Operating costs in the first quarter of 2011 were RMB69.7 million (US$10.6 million), representing 50.8% of total net revenue, an increase of 13.3% from RMB61.5 million in the fourth quarter of 2010, and an increase of 89.9% from RMB36.7 million in the first quarter of 2010. This was primarily due to an increase in rental costs and store-related costs as a result of the greater number of sales offices in the company-owned brokerage network as compared both to the corresponding period in the previous year and to the previous quarter.
Selling, general and administrative expenses in the first quarter of 2011 were RMB54.9 million (US$8.4 million), representing 40.0% of total net revenue, an increase of 4.2% from RMB52.7 million in the fourth quarter of 2010, and an increase of 53.4% from RMB35.8 million in the first quarter of 2010. The year-over-year increase was largely due to an increase in non-sales staff hires and higher marketing expenses.
Loss from operations in the first quarter of 2011 was RMB87.5 million (US$13.4 million), compared to a loss from operations of RMB46.8 million in the fourth quarter 2010 and RMB27.1 million in the first quarter 2010, respectively. Non-GAAP loss from operations in the first quarter of 2011 was RMB86.2 million (US$13.2 million), compared to a non-GAAP loss from operations of RMB44.4 million in the fourth quarter of 2010 and RMB19.3 million in the first quarter of 2010, respectively.
Foreign exchange loss for the first quarter of 2011 was RMB1.8 million (US$0.3 million), compared to RMB4.0 million in the fourth quarter of 2010 and RMB18,000 in the first quarter of 2010, resulting from US dollar depreciation against the RMB.
Net loss attributable to ordinary shareholders in the first quarter of 2011 was RMB85.7 million (US$13.1 million), compared to a net loss attributable to ordinary shareholders of RMB45.6 million in the fourth quarter of 2010 and RMB28.2 million in the first quarter of 2010, respectively. Non-GAAP net loss attributable to ordinary shareholders for the fourth quarter of 2011 was RMB84.4 million (US$12.9 million), compared to a non-GAAP net loss attributable to ordinary shareholders of RMB43.1 million in the fourth quarter of 2010 and RMB20.5 million in the first quarter of 2010, respectively.
Basic and diluted net loss per ADS in the first quarter of 2011 was RMB1.92 (US$0.29). Non-GAAP basic and diluted net loss per ADS in the first quarter of 2011 was RMB1.89 (US$0.29).

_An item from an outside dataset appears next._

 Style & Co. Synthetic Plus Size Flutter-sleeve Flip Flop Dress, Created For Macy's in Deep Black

Net cash used in operating activities in the first quarter of 2011 was RMB89.6 million (US$13.7 million). Net cash used in investing activities in the first quarter of 2011 was RMB35.3 million (US$5.4 million).
Share Repurchase Program
During the quarter ended March 31, 2011, the Company repurchased 499,064 ADSs and has repurchased a total aggregate of 1,464,178 ADSs since November 26, 2010.
Business Outlook
The Company currently estimates that its total net revenue for the second quarter of 2011 will be in the range of RMB160 million to RMB170 million. This forecast reflects the Company's current and preliminary view, which is subject to change.
Conference Call Information
Century 21 China Real Estate's management will host an earnings conference call on May 16, 2011 at 8 a.m. U.S. Eastern Time (8 p.m. Beijing/Hong Kong time).

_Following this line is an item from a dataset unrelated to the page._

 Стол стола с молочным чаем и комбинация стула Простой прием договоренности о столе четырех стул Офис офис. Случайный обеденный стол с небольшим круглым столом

Dial-in details for the earnings conference call are as follows:
U.S./International: |
+1-617-213-8839 |
|
Hong Kong: |
+852-3002-1672 |
|
UK: |
+44-207-365-8426 |
|
Please dial in 10 minutes before the call is scheduled to begin and provide the passcode to join the call. The passcode is "Century 21 China Real Estate Earnings Call."
A live and archived webcast of the conference call will be available until May 23, 2011 at http://ir.century21cn.com .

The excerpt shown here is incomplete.